Due to the new federal tax codes, big earners from the higher taxed states like New Jersey and New York are migrating south to the states with lower taxes, and Miami, Florida has become the landing spot.
Miami Real Estate Market is Seeing a Boom
A quarterly South Florida real estate report is showing that people from New York are snatching up a good portion of the available Miami properties. People began flocking to this coastal city in July of 2017, and according to the December Census data, the origin of most of these moves was New York. The second state to see a big loss of earners was Illinois.
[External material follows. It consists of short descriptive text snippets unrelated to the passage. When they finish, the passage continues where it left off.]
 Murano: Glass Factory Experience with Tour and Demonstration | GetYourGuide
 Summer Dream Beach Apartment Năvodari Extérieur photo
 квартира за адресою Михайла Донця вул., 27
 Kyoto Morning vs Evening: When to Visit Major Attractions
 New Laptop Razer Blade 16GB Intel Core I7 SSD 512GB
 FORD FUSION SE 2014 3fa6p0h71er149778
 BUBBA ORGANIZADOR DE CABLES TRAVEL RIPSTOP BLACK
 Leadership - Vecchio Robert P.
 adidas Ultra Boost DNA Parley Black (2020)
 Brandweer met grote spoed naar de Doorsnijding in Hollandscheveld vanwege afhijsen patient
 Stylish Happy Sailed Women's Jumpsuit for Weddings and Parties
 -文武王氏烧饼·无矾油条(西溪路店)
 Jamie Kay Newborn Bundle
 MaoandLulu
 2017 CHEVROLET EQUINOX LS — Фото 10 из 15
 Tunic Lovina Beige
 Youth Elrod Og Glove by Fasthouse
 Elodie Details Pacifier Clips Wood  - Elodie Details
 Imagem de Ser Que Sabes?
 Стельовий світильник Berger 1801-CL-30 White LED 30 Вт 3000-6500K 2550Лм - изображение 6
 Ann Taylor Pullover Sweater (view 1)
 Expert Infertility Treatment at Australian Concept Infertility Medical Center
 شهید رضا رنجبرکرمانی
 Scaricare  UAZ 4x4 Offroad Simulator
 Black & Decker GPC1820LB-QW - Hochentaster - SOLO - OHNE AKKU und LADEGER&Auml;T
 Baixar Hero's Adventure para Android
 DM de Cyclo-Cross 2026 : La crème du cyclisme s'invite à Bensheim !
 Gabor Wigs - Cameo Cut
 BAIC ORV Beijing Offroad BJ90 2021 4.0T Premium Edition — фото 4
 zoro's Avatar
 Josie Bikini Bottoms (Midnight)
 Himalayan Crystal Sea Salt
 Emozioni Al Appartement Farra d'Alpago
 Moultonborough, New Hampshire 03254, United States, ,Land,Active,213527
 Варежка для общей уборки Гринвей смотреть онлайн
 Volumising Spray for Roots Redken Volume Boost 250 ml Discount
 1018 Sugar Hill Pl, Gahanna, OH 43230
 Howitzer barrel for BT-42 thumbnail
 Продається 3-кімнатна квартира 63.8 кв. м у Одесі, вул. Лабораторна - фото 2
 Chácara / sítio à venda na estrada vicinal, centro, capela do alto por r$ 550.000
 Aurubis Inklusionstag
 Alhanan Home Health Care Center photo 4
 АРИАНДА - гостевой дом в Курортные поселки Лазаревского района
This influx of people has raised the median price of the condos in the Miami area. Miami-Dade County has seen prices go up by 2% from the previous year. During that same period, condo sales in Manhattan went down by 12%, which is the lowest the sales have been since 2009.
New Tax Law is to Blame
The reason that all these big earners are flocking south is the increase in their tax bill. The new tax laws passed by the current administration put a cap on the deductions that can be made on property taxes. This cap also applies to mortgage interest, the loan amount being capped at $750,000 is a blow to those states where home prices are high.
New York, New Jersey, and Connecticut residents have been accustomed to deducting substantially more than the capped $10,000 that is allowed now. The new tax laws are costing them thousands of dollars which is why states like Florida and Texas now hold so much appeal, especially since these states don’t have a state income tax.
According to an accountant that specializes in finding lower-tax cities for his clients, “A lot of rich people are trying to find a way out of New York.”
What Does This Mean for the Housing Market in Miami
The median value of a home in Miami is currently hovering just over $300,000 according to Zillow, which is nearly a 4.6% increase over the previous year’s median value. The market is predicted to continue to rise by 3.6% over the next year. Miami is currently in the top 30% for real estate appreciation in the United States, the annual appreciation rate over the last ten years has been about 2% with a jump to 7.5% in the last year.
This migration of Northern big earners will likely cause these numbers to keep trending upwards.